To visit the deepest San Francisco Maru, which
sits at 205 feet, may be daunting for some, but others
manage it, merely by taking adequate supplies
of air with them and being prepared to wait for a
bit, depending on how much decompression time
they've clocked up, at 20 feet before finally making
for the surface. (Or you can simply check out the
top deck, at 165 feet, or the tops of the two masts,
which stand at the 105 foot-mark, and you'll keep
out of deco that way).
Those divers who visited the 180-feet deep
wrecks of Bikini Atoll in the Marshall Islands
with Bikini Atoll Divers learned to use air for the
main part of the dive, then swap to nitrox 80 at
30 feet on the way up to speed up decompression
procedures (a procedure devised for Bikini Atoll
by Tom Mount, a cave diving pioneer and CEO
of the International Association Of Nitrox and
Technical Divers). It's not rocket science but it
demands that a diver starts off with enough air to
do the deep part.
For many basic open water divers, it's a new
experience but Fabio Amaral, who ran Bikini Atoll
Divers for years, says all his participants seemed
to manage it easily. "It was impossible to get supplies
of helium in Bikini, so everyone dived on air,
speeding up decompression by breathing nitrox 80,
supplied by hookah on the decompression trapeze.

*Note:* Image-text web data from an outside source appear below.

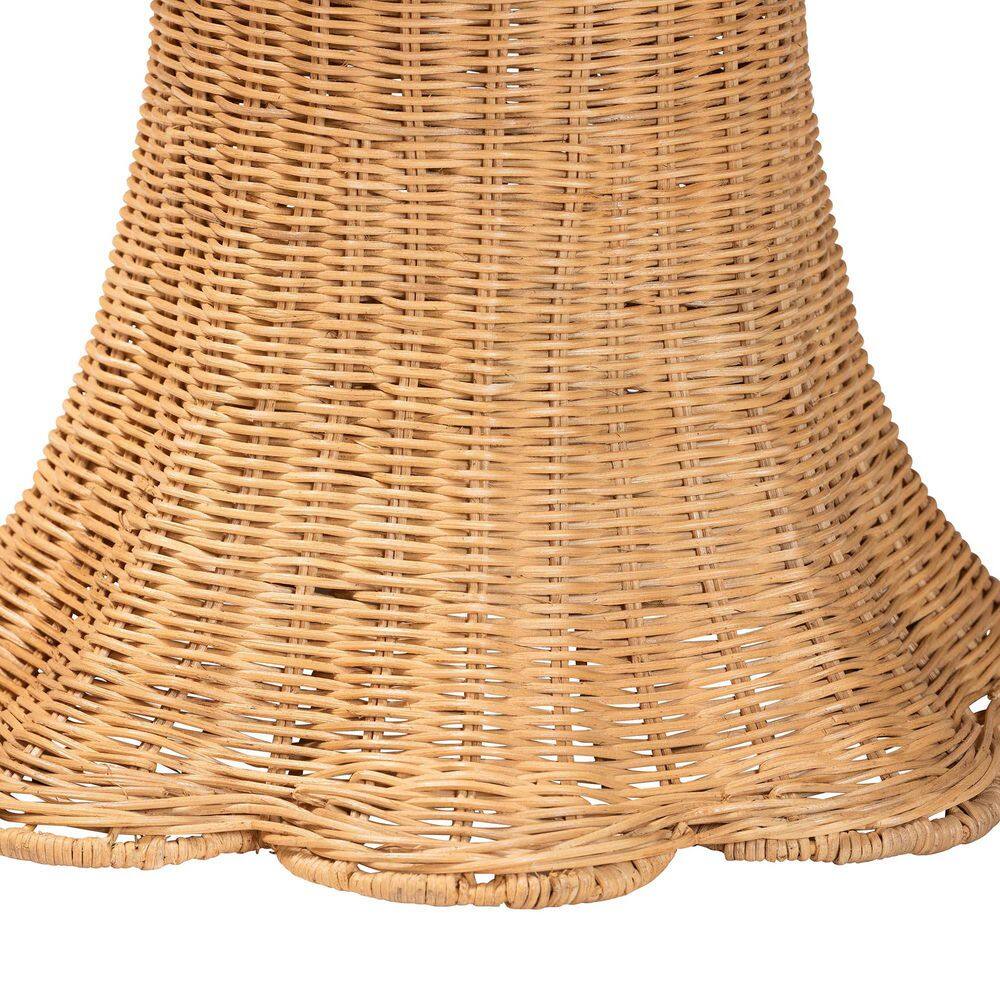 Avalon 22 in. Light Honey Round Rattan Wicker End Table - thumbnail 5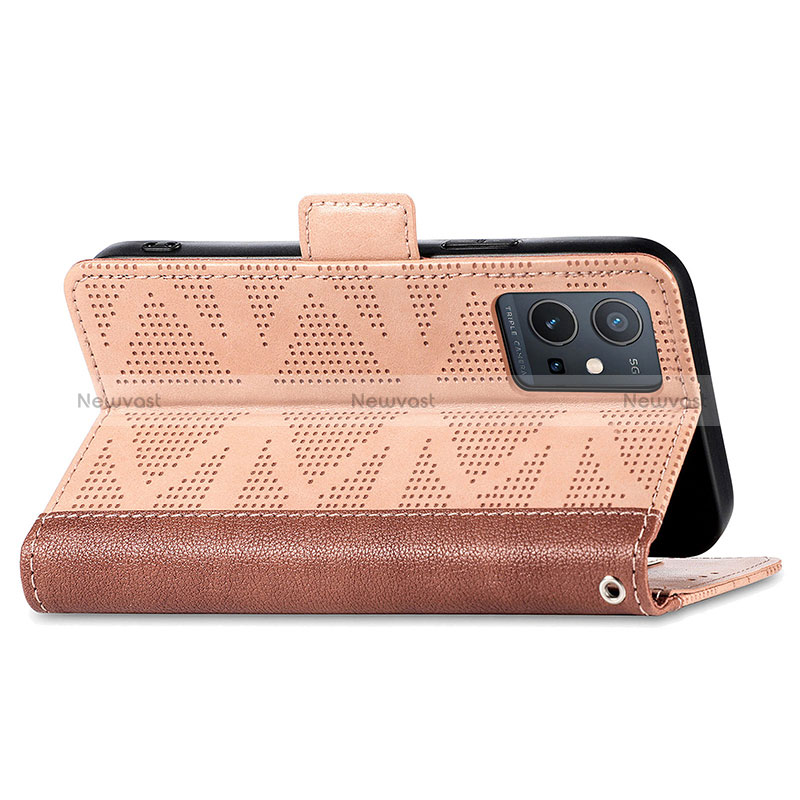 Leather Case Stands Flip Cover Holder S03D for Vivo iQOO Z6 5G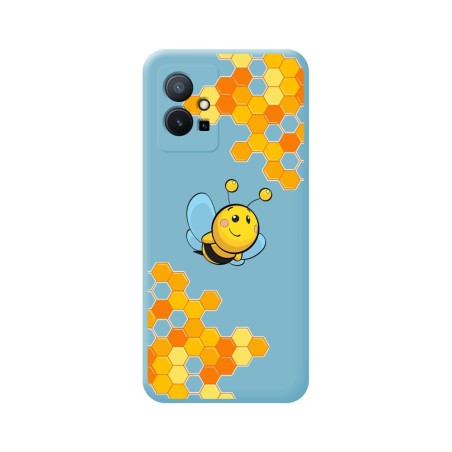 Funda Silicona Líquida Azul para Vivo Y55 5G diseño Abeja Dibujos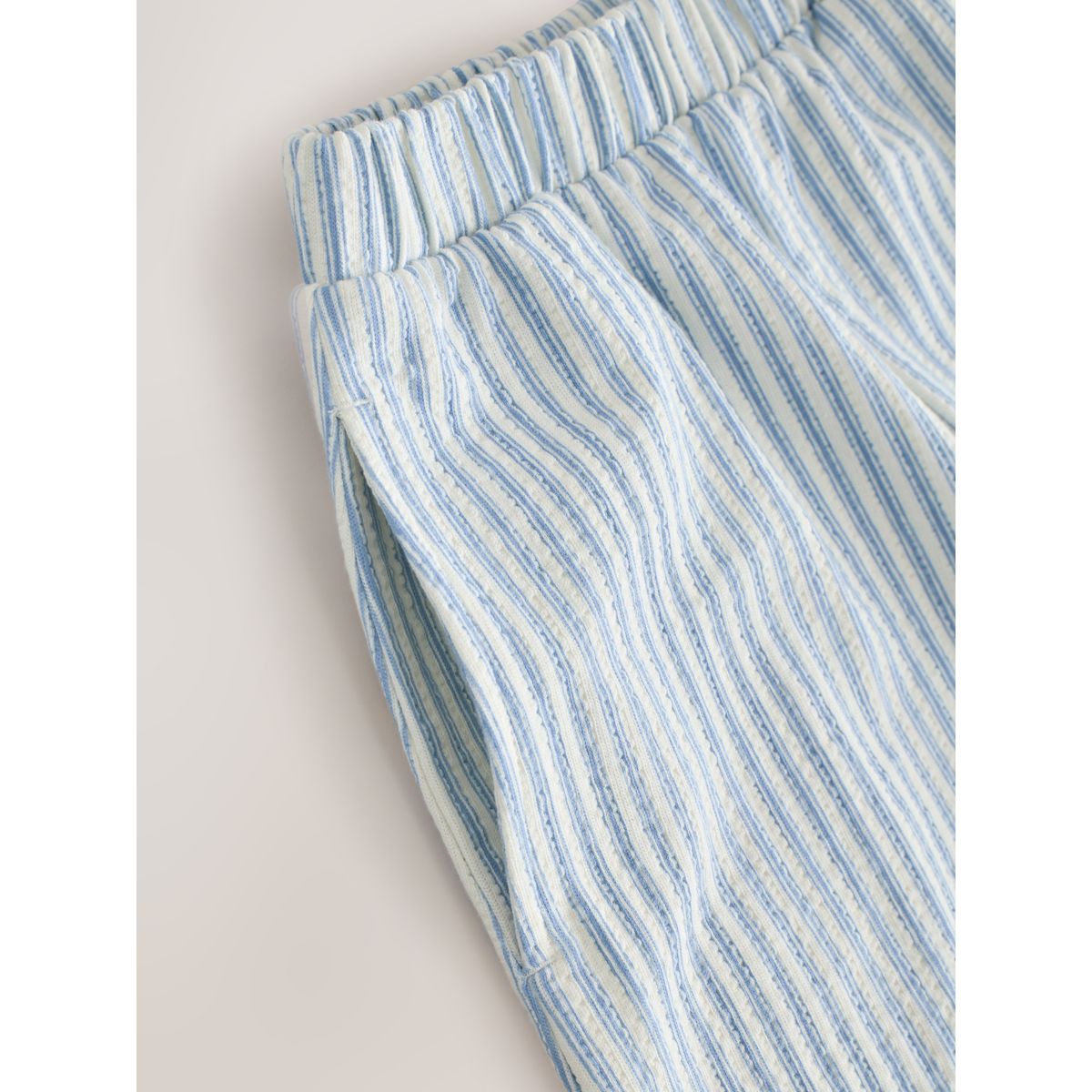 Pantalon ample texturé rayures bleues, NEXT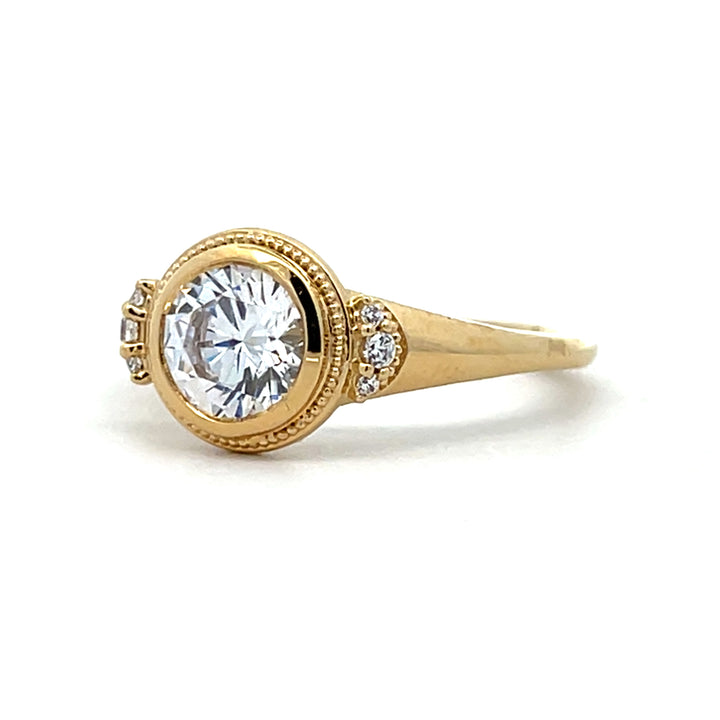 1 ct round diamond milgrain bezel engagement ring - Valentshop Jewelry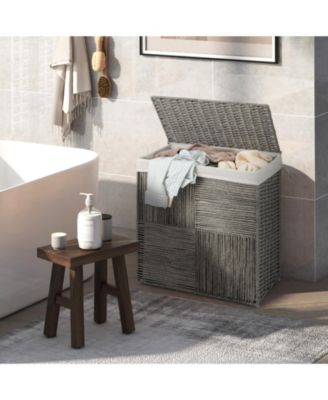 29 Gallons Laundry Hamper with Convenient Handles and Removable Liner Bag-Grey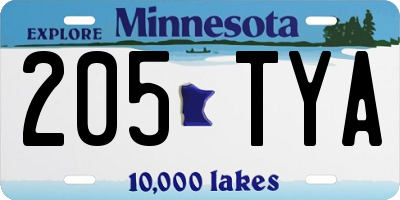 MN license plate 205TYA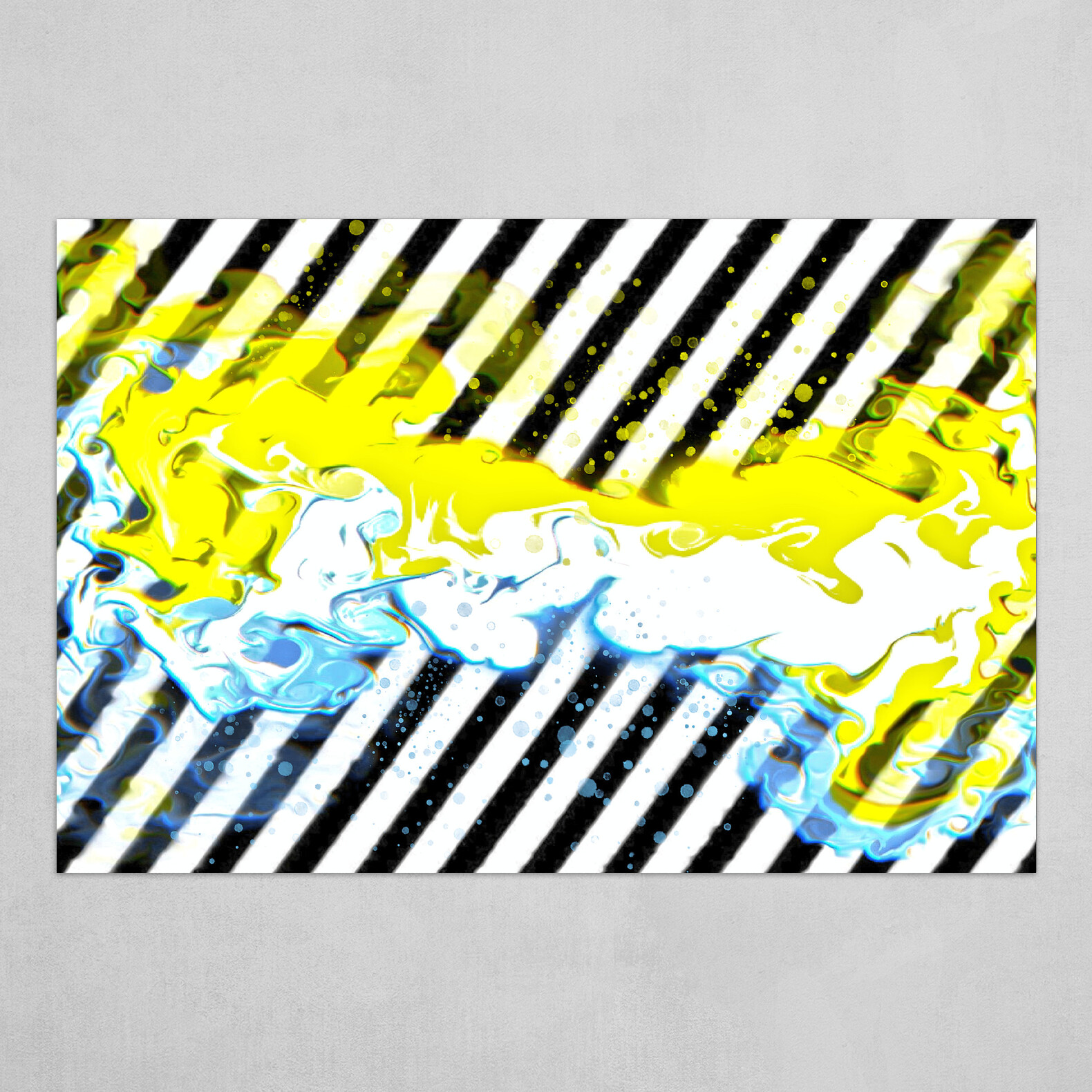 Yellow and White fluid pour striped abstract art 1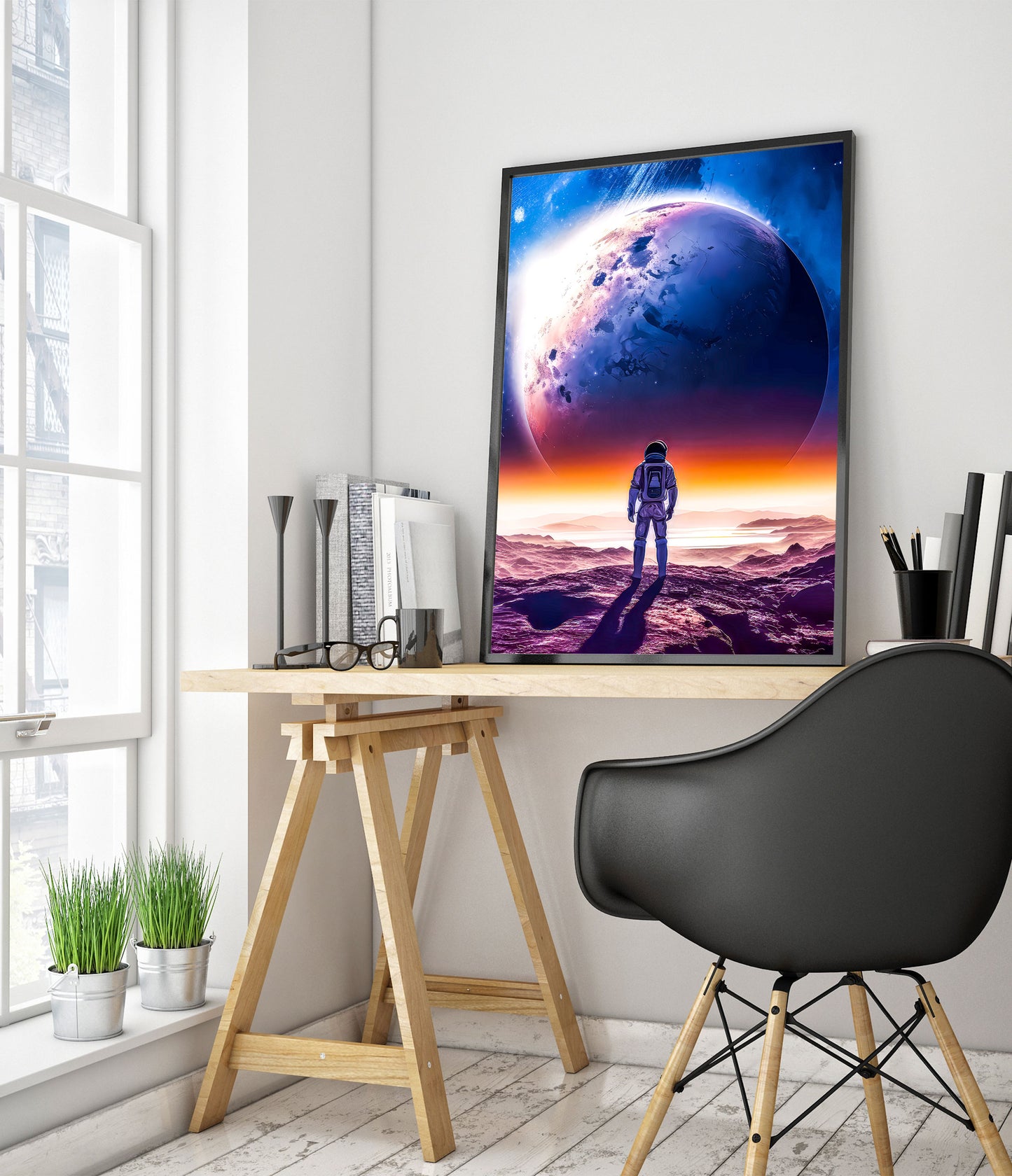 Vue d'un astronaute sur la galaxie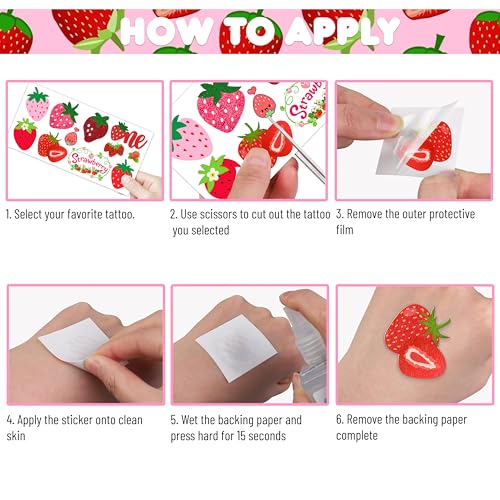Sweet One Strawberry Themed 1st Temporary Tattoos 90 PCS Party Decorations Favors Supplies Berry First Theme Birthday Cute Fruit Tattoo Stickers Gifts for Boys Girls Kids Class School Prizes Christmas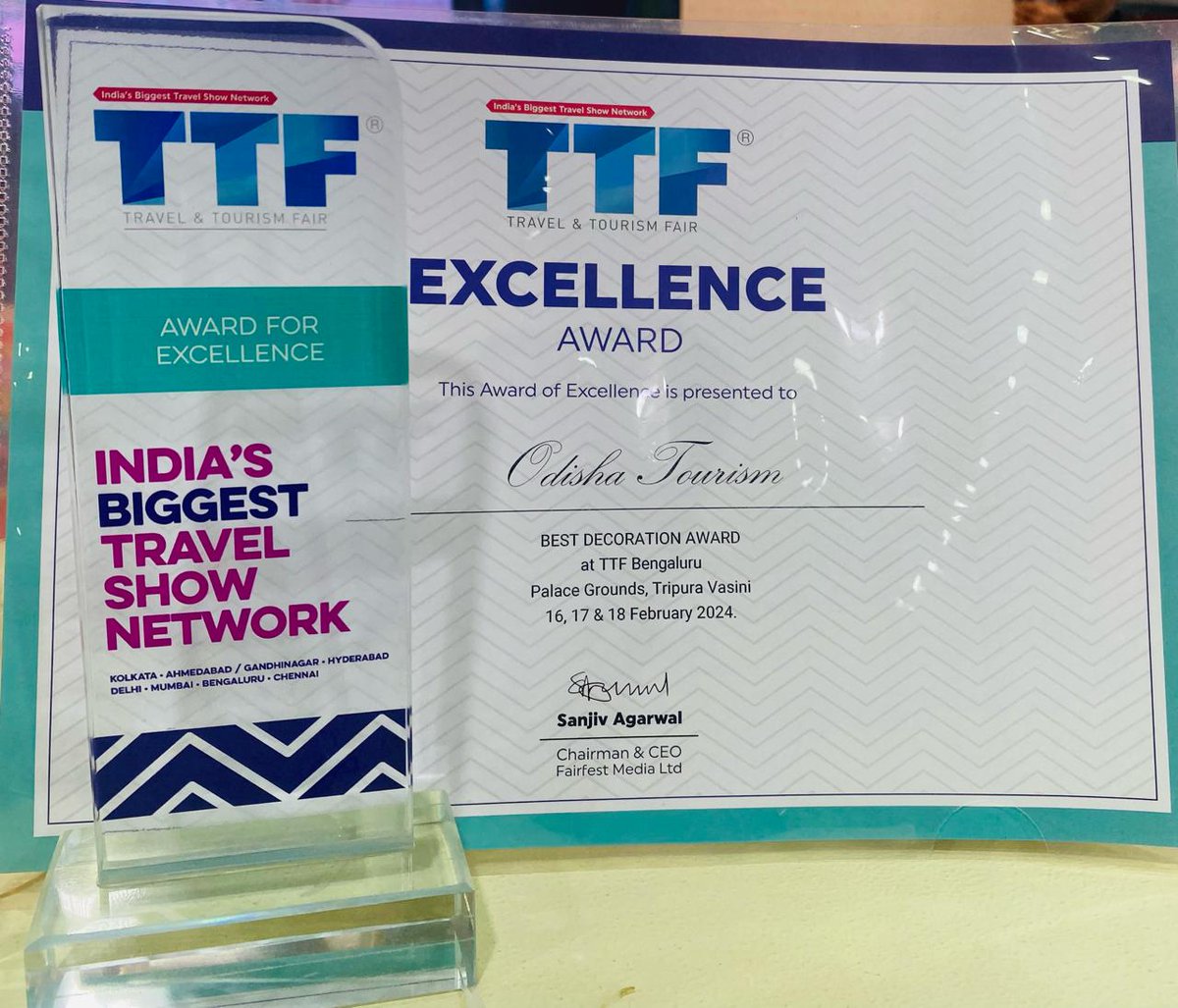 TourismDptt's tweet photo. The Odisha Tourism Stand has been adjudged Winner of the ‘BEST DECORATION AWARD’ Award at TTF Bengaluru held at Palace Grounds, Tripura Vasini from 16 - 18 February 2024.
#OTinFocus🎯 https://t.co/yJhB6kWa2C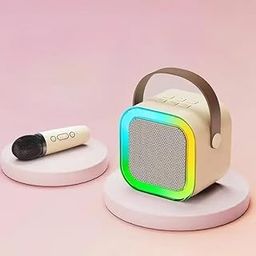 Toy Buy Latest K12 Mini Portable .Karaoke Speaker with Wireless Mic, RGB Lights_48-22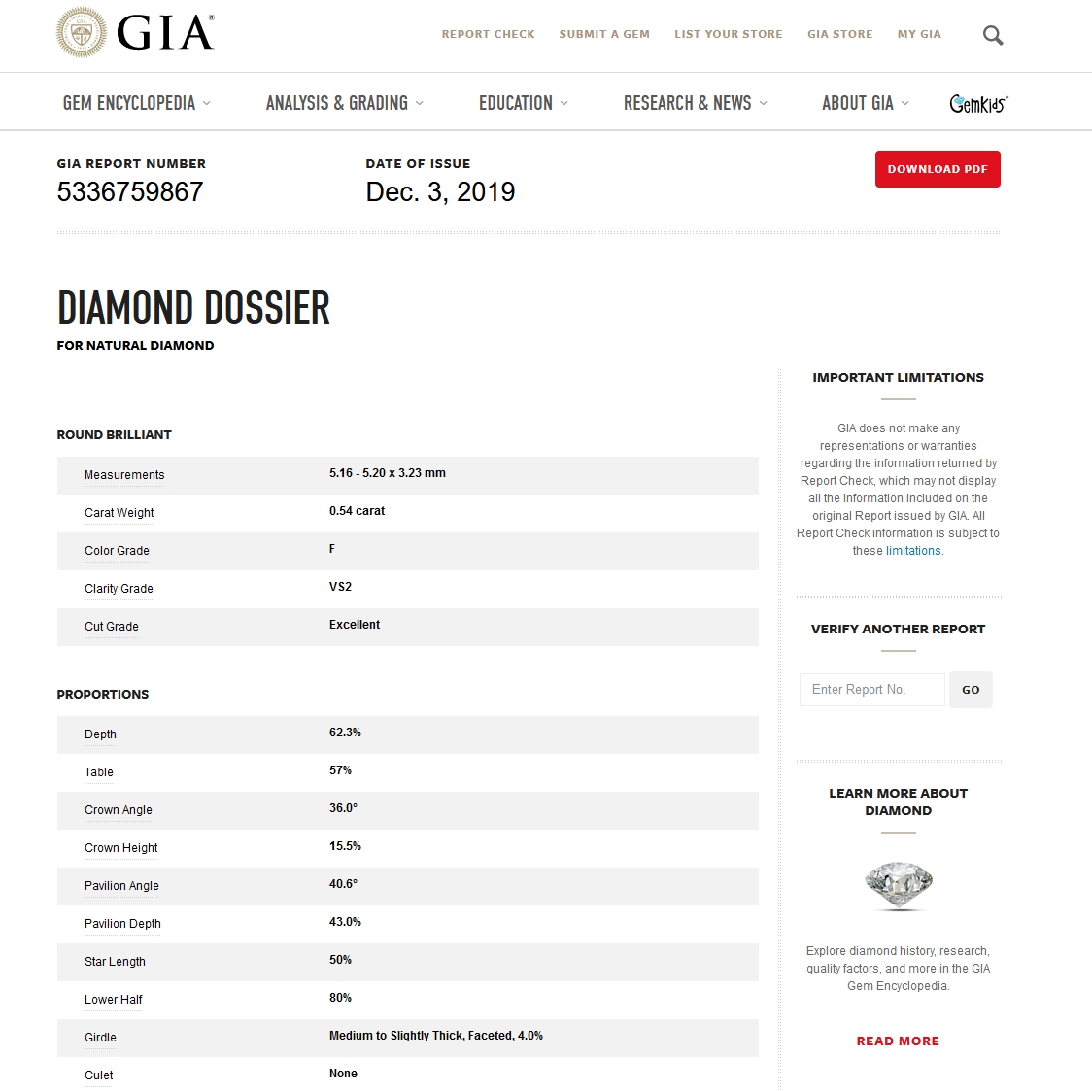 GIA Certified Natural Diamond Kt. 0,54 Color F Clarity VS2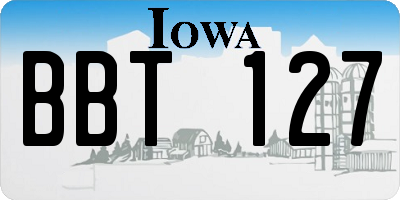 IA license plate BBT127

With no currents within the lagoon, it was easy
for all divers to find their way back to the trapeze
hung under the boat."
In Amaral's time there, he only had one suspected
case of decompression sickness. "A gentleman
from California, who complained of mild shoulder
pain. I found out he was not hydrating -- at least
not with water, unless you count two bottles of
wine a day as hydration. He was not drinking that
much in front of us, but privately in his room. I ran
the Australian in-water recompression schedule on
him with 100 percent oxygen, and he reacted well.
As we were still unsure of the DCS, I asked one of
his mates to email me if he felt pain on the flight
back to Majuro, which was on the unpressurized
Dornier 229, and if he did, he should contact DAN
and get treated once back in Hawaii."
Then there was another guest who, out of
nowhere, had a psychotic episode underwater and
put another diver's life at risk. "He had a severe
case of bipolar psychosis and had not taken his
meds, so he had to be restrained and evacuated
from Bikini," says Amaral. "I was not happy with
his dive group leader, needless to say."
Otherwise, nobody had any problems using
air at 180 feet. "I was a despot as far as safety was
concerned, and didn't allow the use of those dive
computers I felt were unsafe."
There's nothing really technical about diving
with two tanks. If you think making a deco stop on
the way up makes the dive technical, then a majority
of European divers are technical divers. With
so many computers available that easily allow a
diver to track what happens when swapping nitrox
mixes during a dive, the dive becomes straightforward.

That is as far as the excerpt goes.